Souza’s greatest asset, besides his hard-working wife, is his personal accessibility.
“When you call me, you get me. I treat every job like it is my own property, while never forgetting that it belongs to my client,” he said. “Job sites are always left neat and orderly with roads swept and trash picked up. All clients receive daily updates via email, pictures and video walk through. Out of town clients especially appreciate this and we are happy to do this for them. Our smart phones come in handy for this.”
Another asset is endurance, 24/7. This came in very handy during strenuous operations like the noted New England Blizzard of 2005.

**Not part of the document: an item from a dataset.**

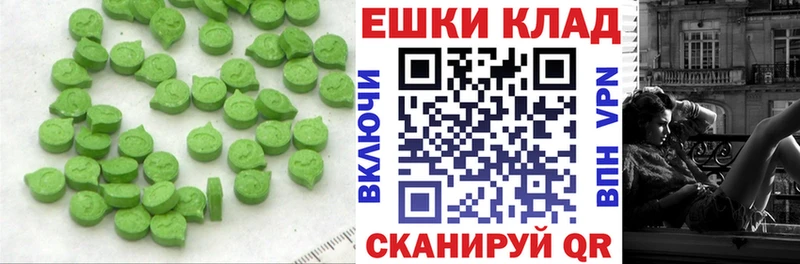 Ecstasy mix Нерехта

“We worked for 155 straight hours, taking only brief breaks for food and quick naps during a state of emergency for the Town of Barnstable. We did around-the-clock snow removal with a crew of four guys,” said Souza.
Safety is a top priority and focus on every job site and Souza gives wife Stacey tremendous credit for her devoted partnership (even to the point of editing his answers in this story).
“I credit my wife for dealing with me during these uncertain times, constructing our Web site and for supporting me and working late nights to complete last- minute proposals,” said Souza.
During those “uncertain times” that every contracting company sustains, Souza said the key to his smaller company is never refusing any job, no matter its size.
“Before, our main focus was heavy construction and primarily the excavation side of the business. Now, we don’t turn down any job, as long as it is within our realm of expertise. We don’t turn down a job because it is too small,” he said. “I am a universal soldier. I oversee every aspect of every job and am always available to answer client’s questions or concerns.”